■ How to complete this task: Give the listing again character for character, but drop the images.

[[ Record excerpts, beginning ]]

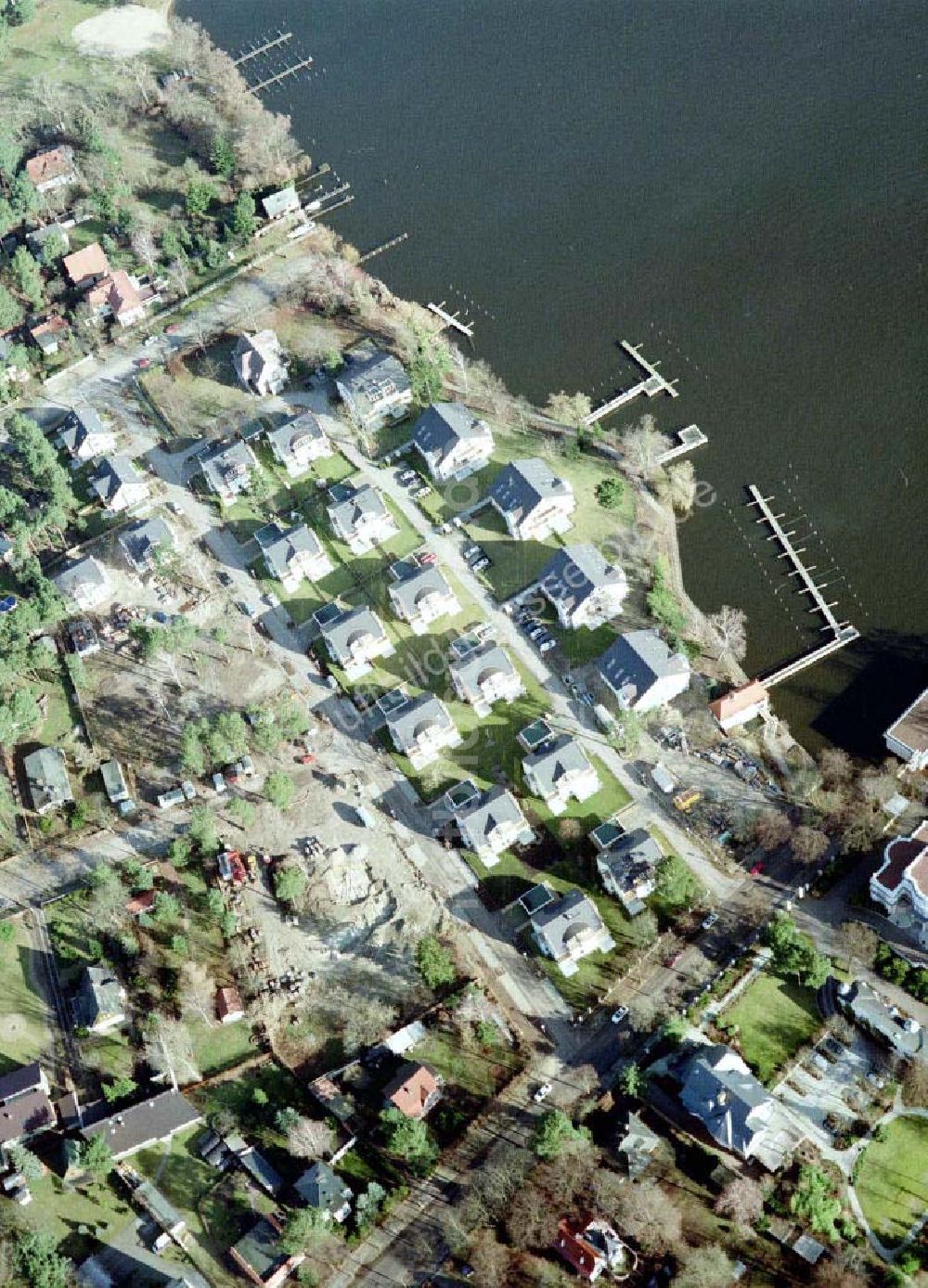 Luftbild Zeuthen bei Berlin - Baugelände der EDR GmbH am Zeuthener See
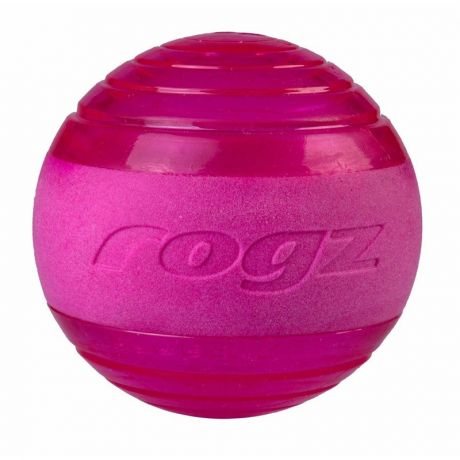 Rogz Rogz Мяч "Поймай меня!" Squeekz -прыгает на земле-плавает в воде, 64 мм, розовый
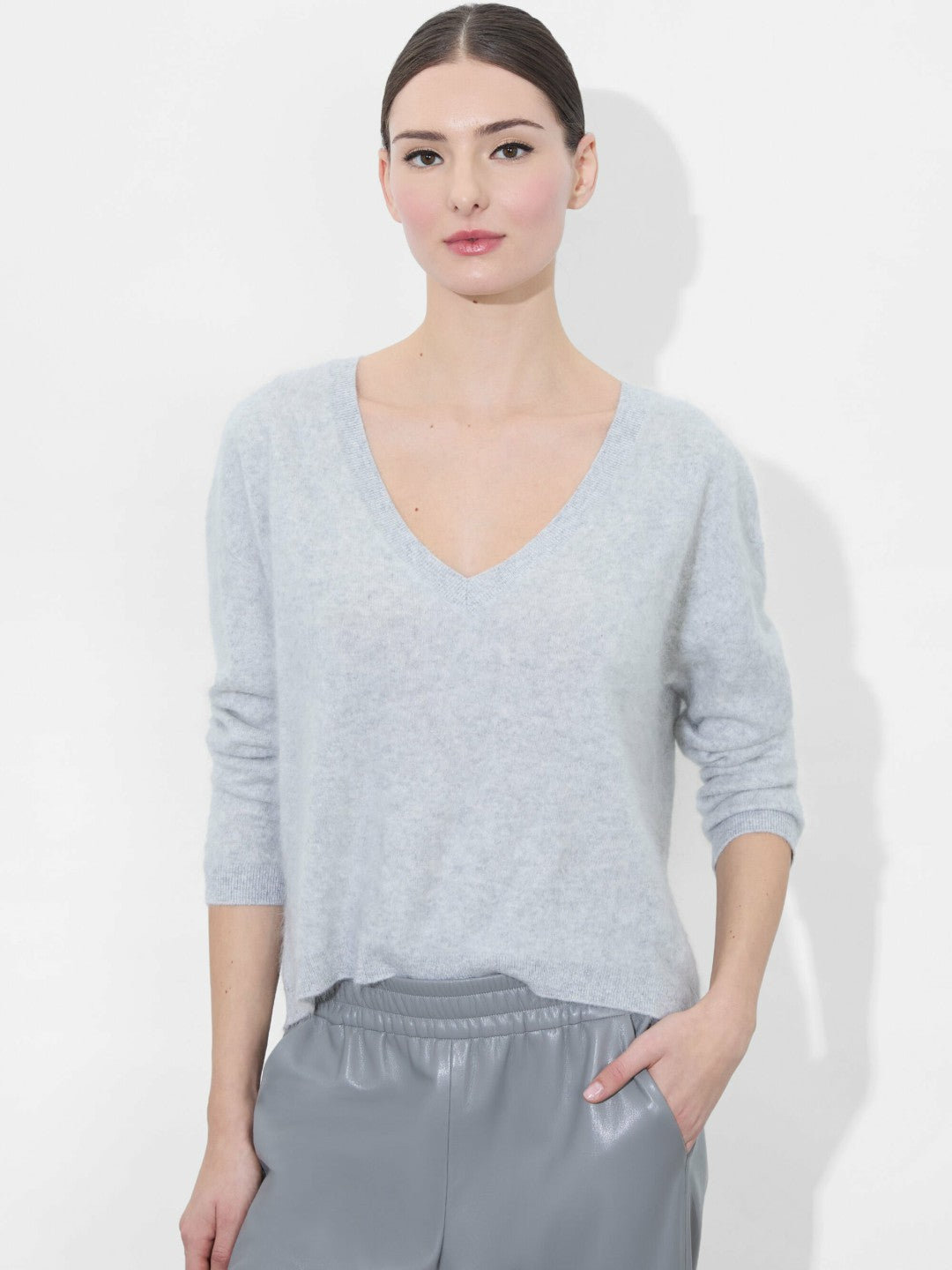 Williams Pullover In Storm Grey Heather - Alice + Olivia Women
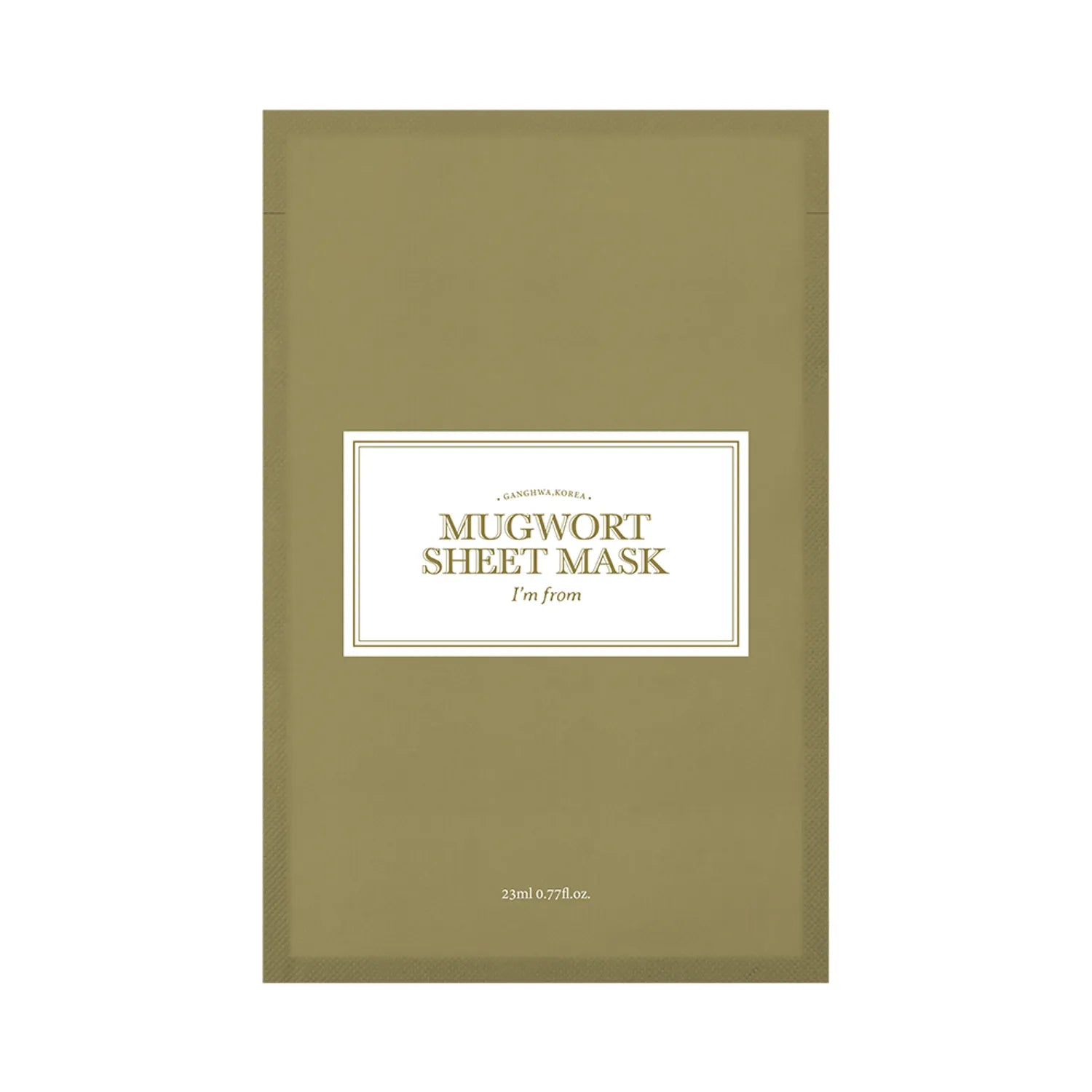 I'm from Mugwort Sheet Mask 1ea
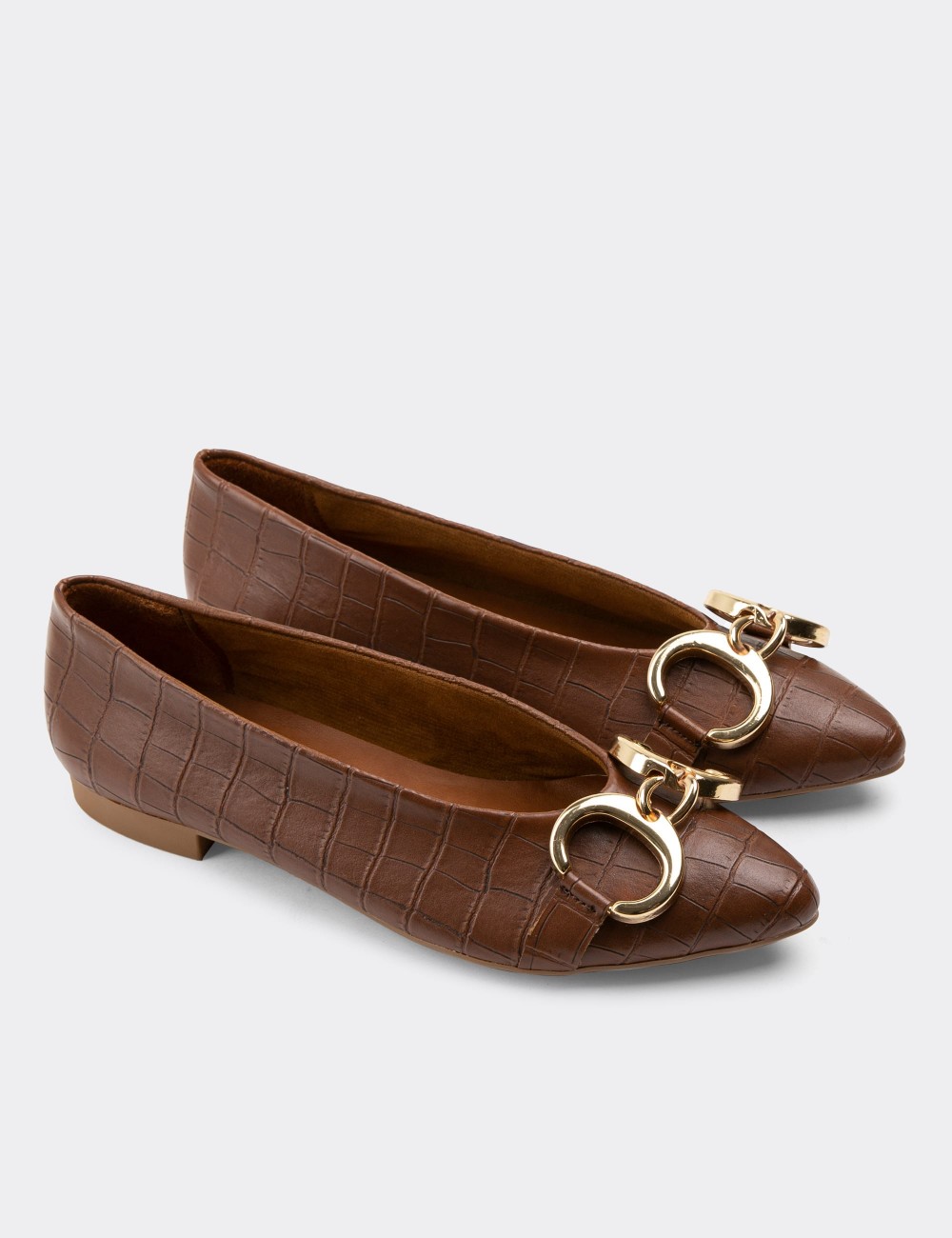 Brown  Leather Loafers - 01916ZKHVC01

[[ Record excerpts, end ]]

■ Solution for this task:
 Luftbild Zeuthen bei Berlin - Baugelände der EDR GmbH am Zeuthener See
 Rogz Rogz Мяч "Поймай меня!" Squeekz -прыгает на земле-плавает в воде, 64 мм, розовый
 Williams Pullover In Storm Grey Heather - Alice + Olivia Women
 I'm from Mugwort Sheet Mask 1ea
 Brown  Leather Loafers - 01916ZKHVC01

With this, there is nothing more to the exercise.